**WORK TO BE COMPLETED:**
Extract the opening line of the entries and every line after it, stopping at and including the line that contains "Carpeted loft area". Do not include pictures.

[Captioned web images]
· · · · · · ·

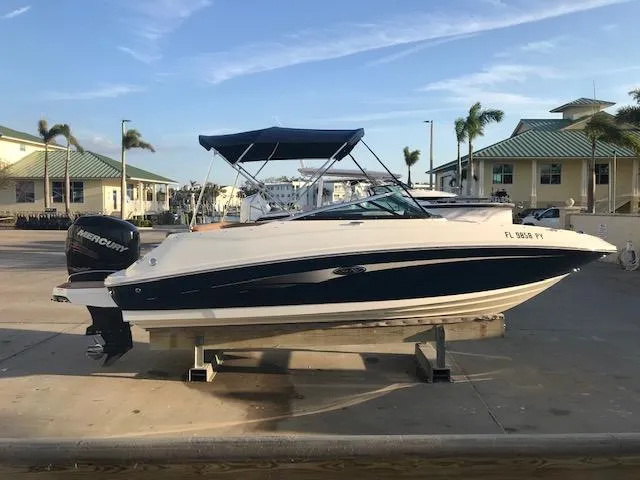 Slide: The Image of 2015 Sea Ray 220 Sundeck Outboard boat on display at a marina. - 27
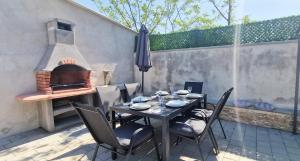 - une table et des chaises sur une terrasse avec un four extérieur dans l'établissement Beautiful Villa Casa Romito with pool in Kastelir, à Kaštelir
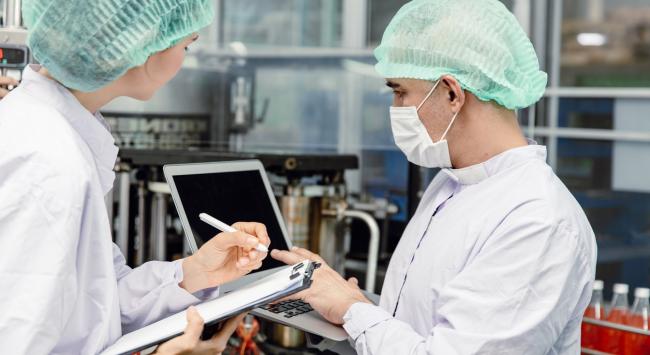 two people working in food factory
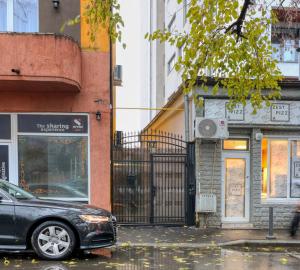 a black car parked on a city street with buildings at 2 Hidden Gems - all U need - by Uni88 in Bucharest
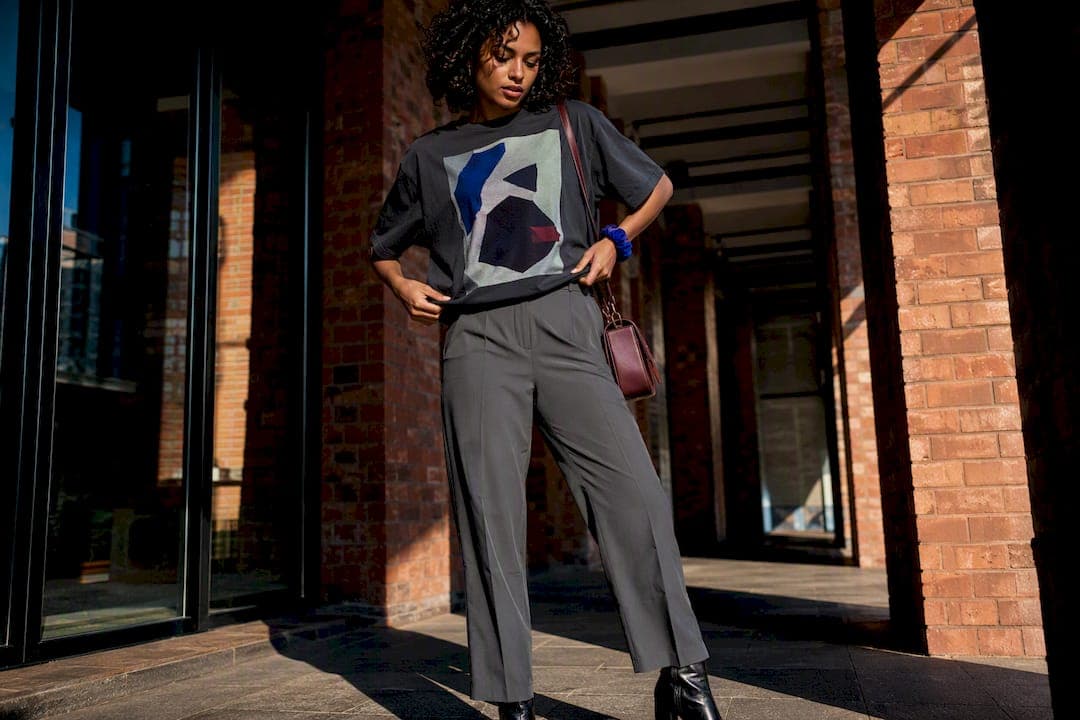 12 Graphic Tee Outfit Formulas That Modernize Band and Vintage Tees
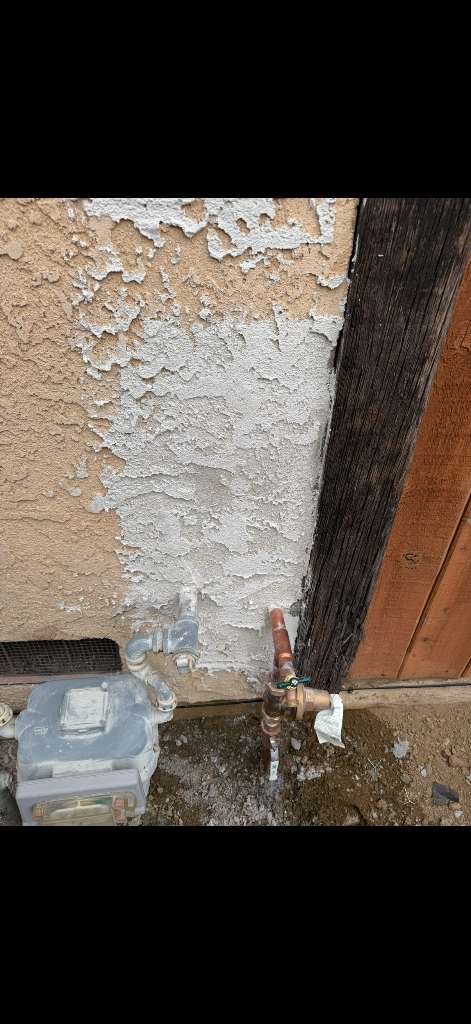 Exterior stucco patched and retextured after repipe access holes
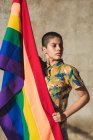 Grave giovane donna etnica bisessuale con bandiera multicolore che rappresenta i simboli LGBTQ e distoglie lo sguardo nella giornata di sole — Foto stock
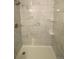 Stand up shower with gray marble pattern tile and built-in shelving at 521 10Th St, Fort Lupton, CO 80621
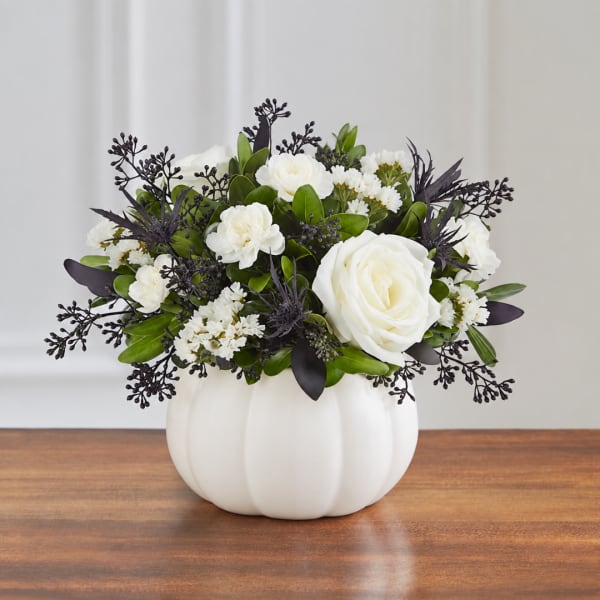 White floral arrangement in a white pumpkin-shaped vase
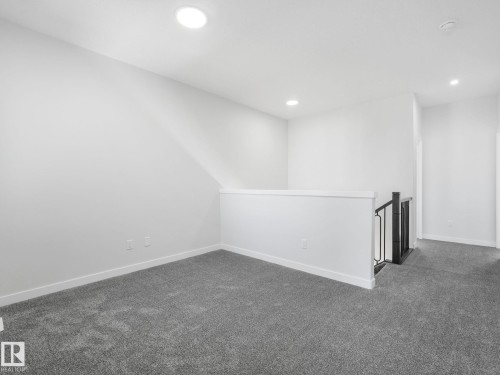Carpeted loft area featuring recessed lighting, white walls, and a contemporary black and white banister - 272 Munn Way, Leduc, AB - Indoor Photo Showing Other Room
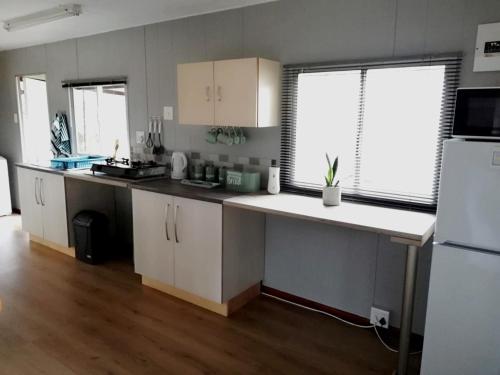 a kitchen with white cabinets and a white refrigerator at Wellust Cottage at Ngweni Private Game Farm in Hluhluwe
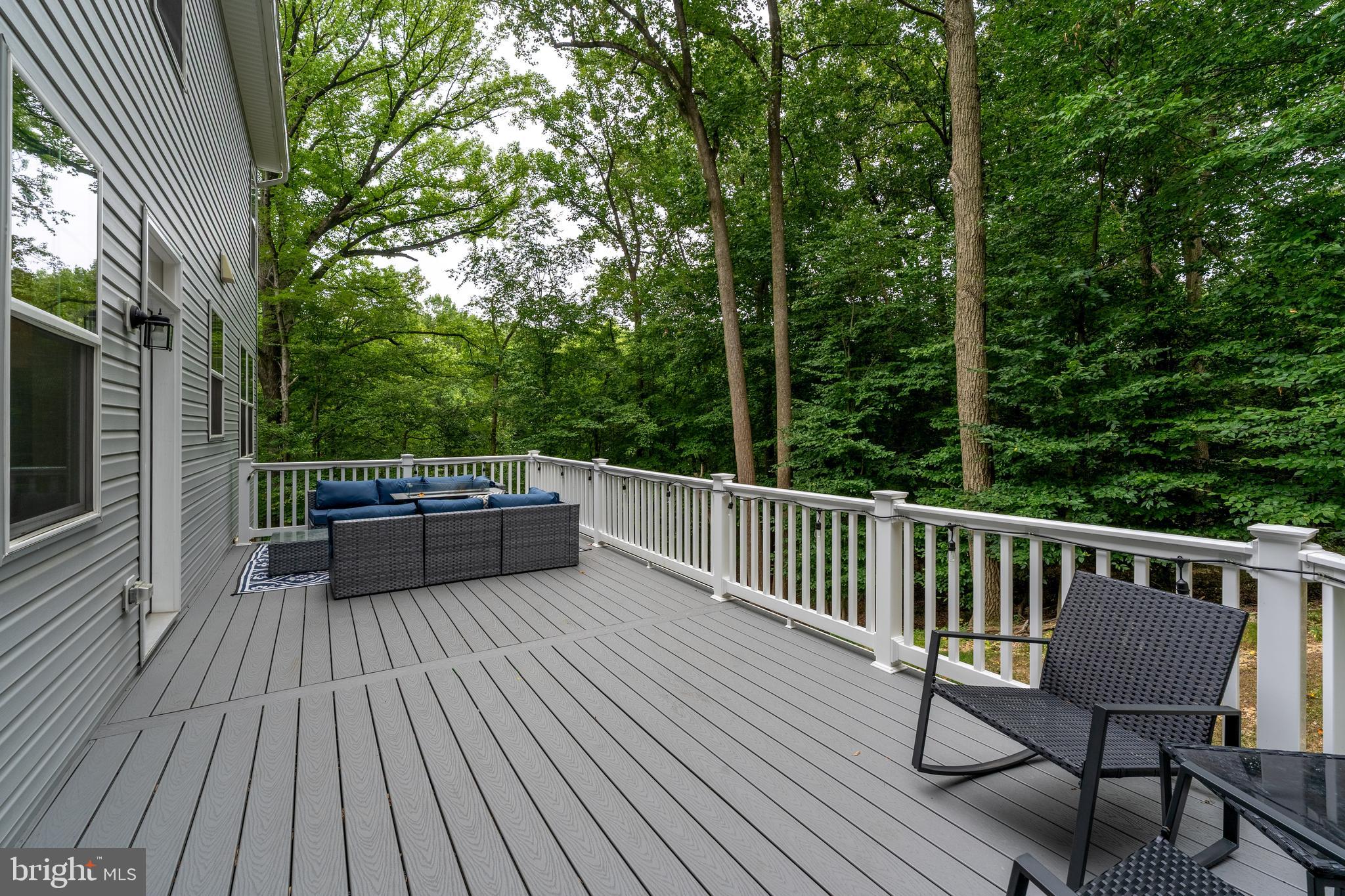 6210 Hunters Hollow Road Elkridge, MD 21075 - Photo 4 of 41 a view of balcony with wooden floor and outdoor seating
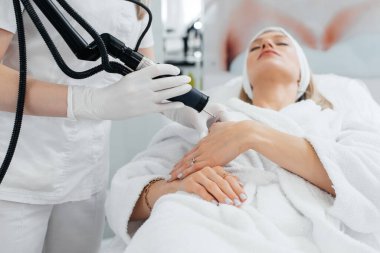 Genç bir kız güzellik salonunda ellerinin derisi için karbon soyuluyor. Lazer darbeleri deriyi temizler. Donanım kozmetolojisi. Fototermoliz süreci, deriyi ısıtır..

· · · · · · ·

**RESPONSE AREA:**
 Slide: The Image of 2015 Sea Ray 220 Sundeck Outboard boat on display at a marina. - 27
 - une table et des chaises sur une terrasse avec un four extérieur dans l'établissement Beautiful Villa Casa Romito with pool in Kastelir, à Kaštelir
 two people working in food factory
 a black car parked on a city street with buildings at 2 Hidden Gems - all U need - by Uni88 in Bucharest
 12 Graphic Tee Outfit Formulas That Modernize Band and Vintage Tees
 Exterior stucco patched and retextured after repipe access holes
 Grave giovane donna etnica bisessuale con bandiera multicolore che rappresenta i simboli LGBTQ e distoglie lo sguardo nella giornata di sole — Foto stock
 Stand up shower with gray marble pattern tile and built-in shelving at 521 10Th St, Fort Lupton, CO 80621
 White floral arrangement in a white pumpkin-shaped vase
Carpeted loft area featuring recessed lighting, white walls, and a contemporary black and white banister - 272 Munn Way, Leduc, AB - Indoor Photo Showing Other Room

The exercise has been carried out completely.